> Data excerpt:
:::::

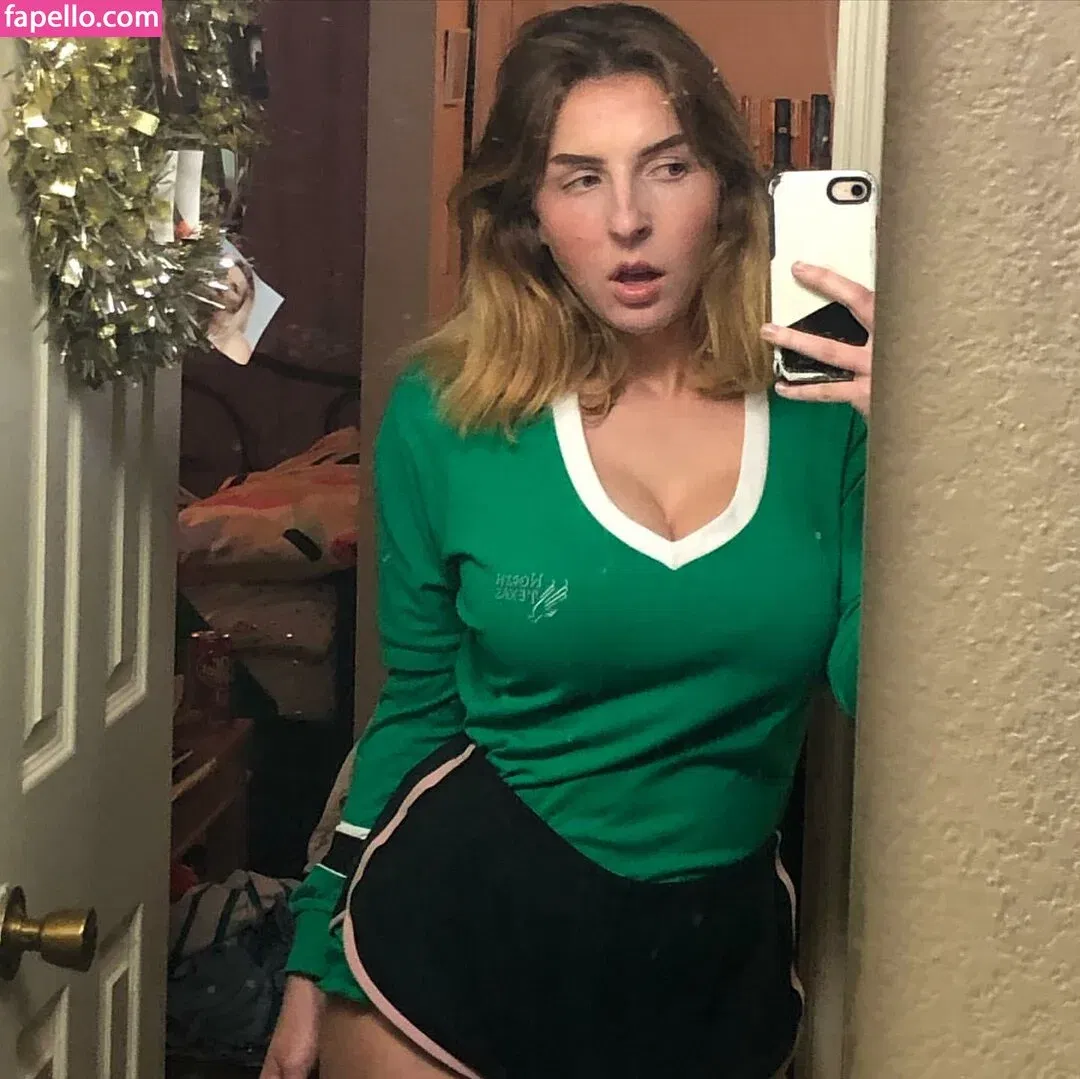 Mikomin Onlyfans Photo Gallery 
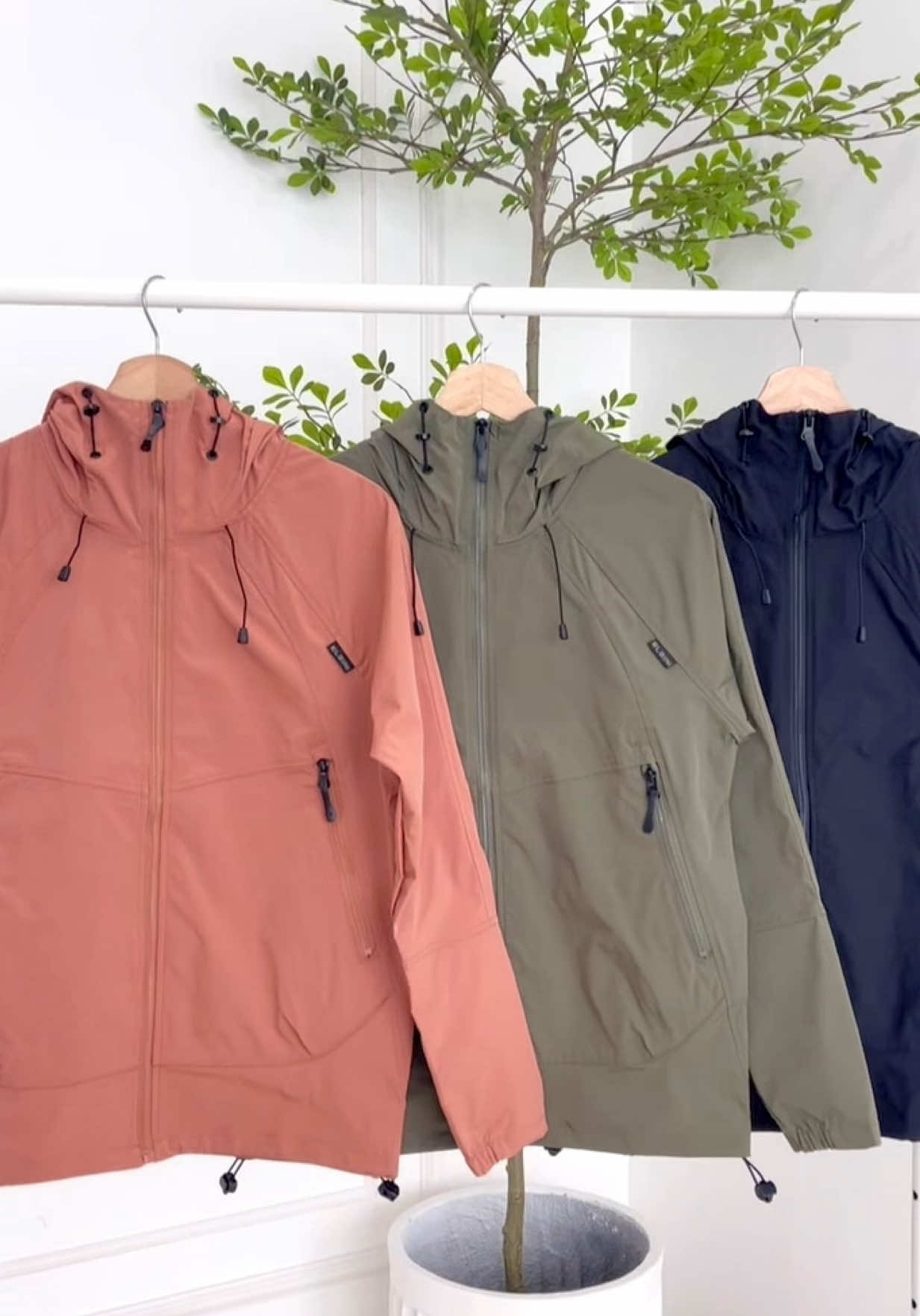 ELGINI New Launch‼️ Functional ➕ Fashionable😍 Your best jacket for hiking✨  Water-resistant💦 #jacket #elgini #elginimalaysia #fyp #tiktoksports #hikingadventures #waterresistant #windbreaker #Hiking #outdoor 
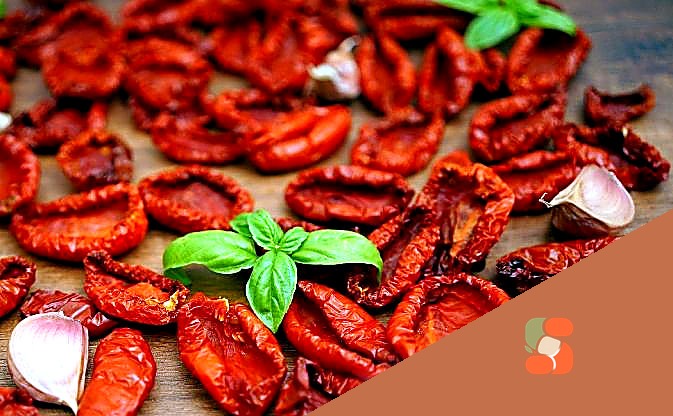 Салат "Роза" з куркою, буряком та чорносливом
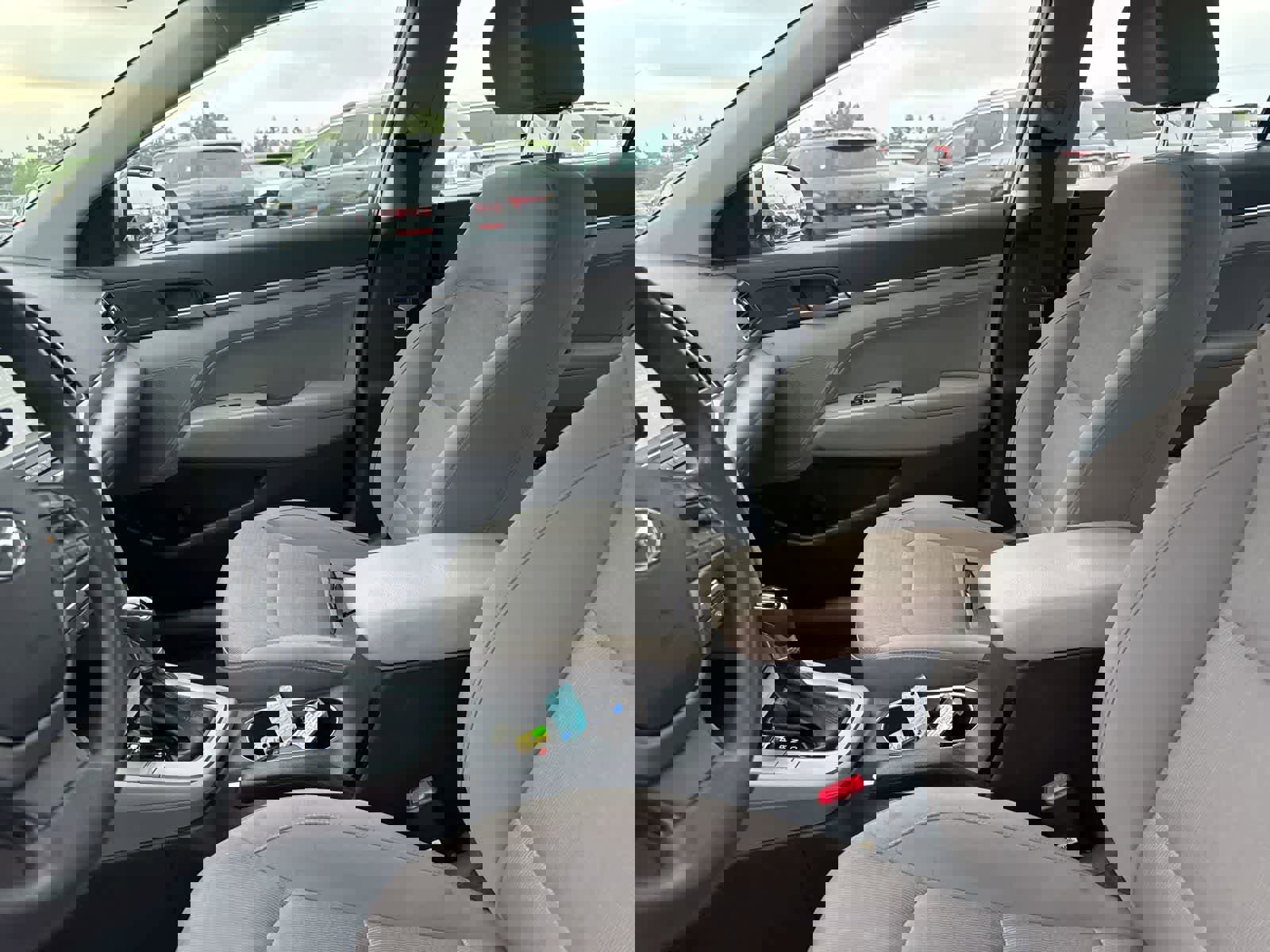 Used 2017 Hyundai Elantra SE image 19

:::::

> Problem: Images are to be left out; everything else in the material must be written out exactly.

> Written response:
 Mikomin Onlyfans Photo Gallery 
 ELGINI New Launch‼️ Functional ➕ Fashionable😍 Your best jacket for hiking✨  Water-resistant💦 #jacket #elgini #elginimalaysia #fyp #tiktoksports #hikingadventures #waterresistant #windbreaker #Hiking #outdoor 
 Салат "Роза" з куркою, буряком та чорносливом
 Used 2017 Hyundai Elantra SE image 19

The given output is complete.